ER: Remember when we didn't have a single Harley Race match on our DVDVR 80s WWF set? We didn't have any Terry Funk or Moondogs or hardly any Andre matches either so it says more about the process than any Race exclusion. It was the first set and the match selection process got air tight by the Other Japan Men. But it is a microcosm of many things that point to how little Race's WWF run is typically discussed when discussing his career. What is the highest regarded Race WWF singles match? That never got discussed as much during any assessment of his work. It's no surprise to anyone reading this that I love the final years of great wrestlers. Harley Race is a guy who always seemed old and his WWF run started when he actually was getting old. An old used up sack of shit 43 year old. Harley Race is my peer. I feel spiritually connected now to 1986 Harley Race's incredible bumping, leveled on the spiritual plane. Equals. Sore joints, delicate back, waking up with a surprise sciatic jolt down your leg, fucking 43 years old. 

My body has seen less abuse than former NWA World Champion Harley Race's body. He's a man you couldn't fathom in modern wrestling. This kind of man doesn't exist in the world today, and certainly doesn't exist in current professional wrestling. I like the Butcher as much as anyone but that's a guy who goes in on a brewery with his boys; Harley Race is the guy who would Tasmanian devil his way through that brewery. None of us have ever been involved in violent road incidents as pastime. Harley Race is an anachronism. A man sitting shotgun in a Seville pulling his 5th Bud off the ring one night is the same 43 year old scary uncle who was taking pratfalls like a barroom Buster Keaton a couple hours earlier. I cannot honestly fucking imagine living life as Harley Race. I can imagine being Cody Rhodes or Jey Uso pretty easily. But I can't picture what being Harley Race in the 70s was like. 

I think Harley Race is a beautiful wrestler. Let me know if this makes sense, but I think I love the way Harley Race bumps so much because he bumps the way Andre would have bumped if he was half the size. Harley Race hides this athleticism in plain sight the same way Andre would, by moving stiffly and falling differently than anyone else's physics. Don't let anyone ever tell you that Harley Race was old and washed during his WWF run. This was a house show main event. A large house in Maple Leaf Gardens in a main event going to a draw. Maybe people subconsciously don't view Race's WWF run because they were viewing him as a relic from the midwest making towns era and not a guy who worked in the TV era. I don't know. Harley Race was a relic by the late 80s, but his appeal as a relic was his entire appeal. He was never not a throwback to people because he was too real to be fake. This is a house show main event that contains no less than eight violent or unique Race falls, putting on a show for people who will never have any way to visually revisit the ballet again. 

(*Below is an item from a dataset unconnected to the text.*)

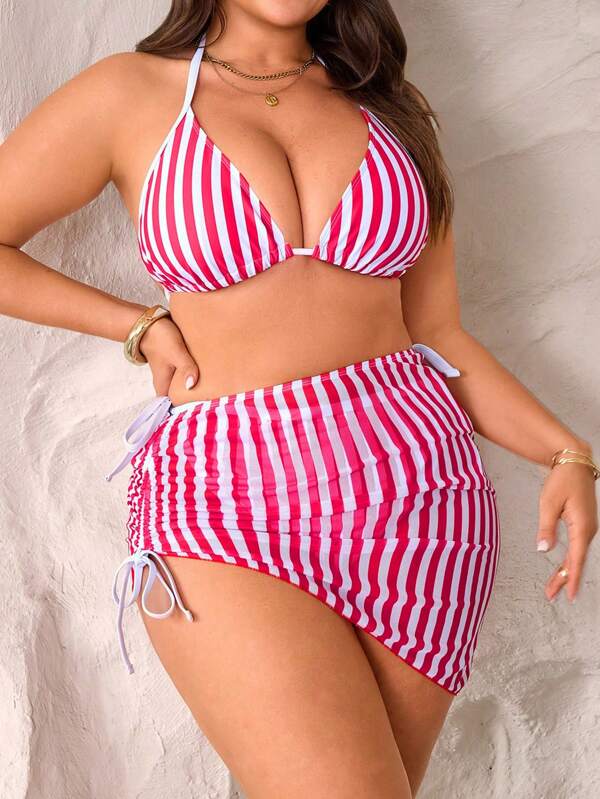 SHEIN Swim Curve 3pcs/Set Plus Size Women Striped Print Fashion Casual Resort Halter Tankini Swimsuit With Skirt Cover Up For Summer Beach Vacation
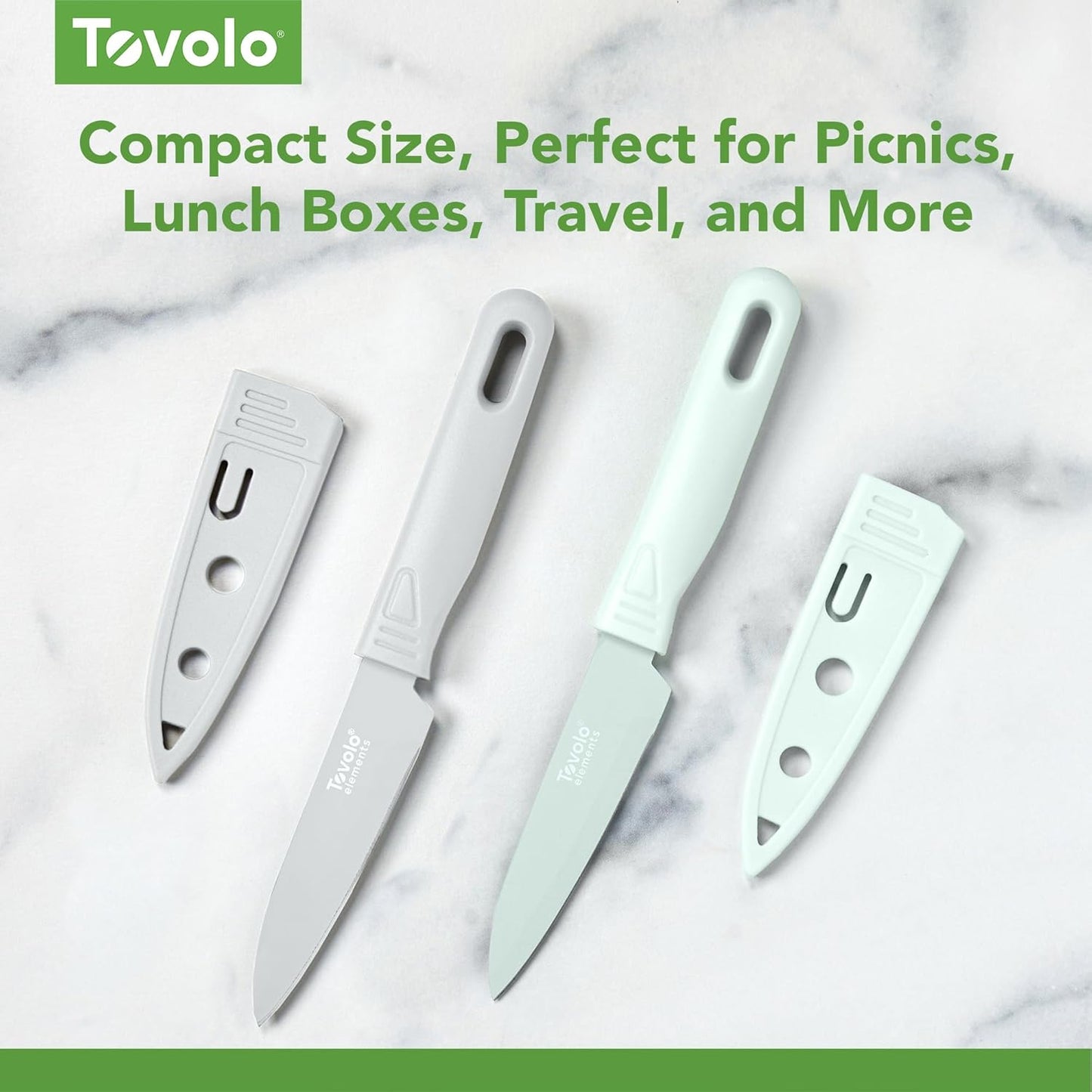 Paring Knife Set of 2 Stainless Steel 8 Inch Kitchen Knives with Protective Blade Cover Sharp Small Comfort Grip Handle Paring Knife Set for Cutting Slicing Dicing Charcoal and Gray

Now we revisit, and we get to see Race in 86 was as good as Race in 74. I couldn't believe the way he moved. He's a large man making Ricky Steamboat's offense and pull look authentic, falling hard and getting up quick, falling onto his ass, being flipped onto his ass, beating up those knees in ways that make me now squint in pain at my spiritual peer. I don't know how much money I would have to be paid to face plant off the apron to the floor the way Race dementedly does here, but it's probably more than what Race made that night. What the hell were you doing man? Race could have very easily not done that and still sent fans home knowing they had seen Harley Race put on a show. Can you imagine seeing your dad fall this way? God. The energy this 43 year old peer has is something I don't think he was ever given proper credit for. Race as a go go go forebear of Kurt Angle is overblown. He looks like a guy who shouldn't be able to do the things he does, and that's a cool trait. If you somehow saw a man in your day to day business that looked like Harley Race, you'd know he was a tough son of a bitch. But you'd never in a million years think he'd be able to work for 25 complicatedly athletic minutes and build a rousing full match reaction for a draw. I was blown away at how he got up for everything and how hard he landed for even simple bumps. This is a man who only knew how to fucking go out there and perform in main events. Harley Race couldn't exist today. 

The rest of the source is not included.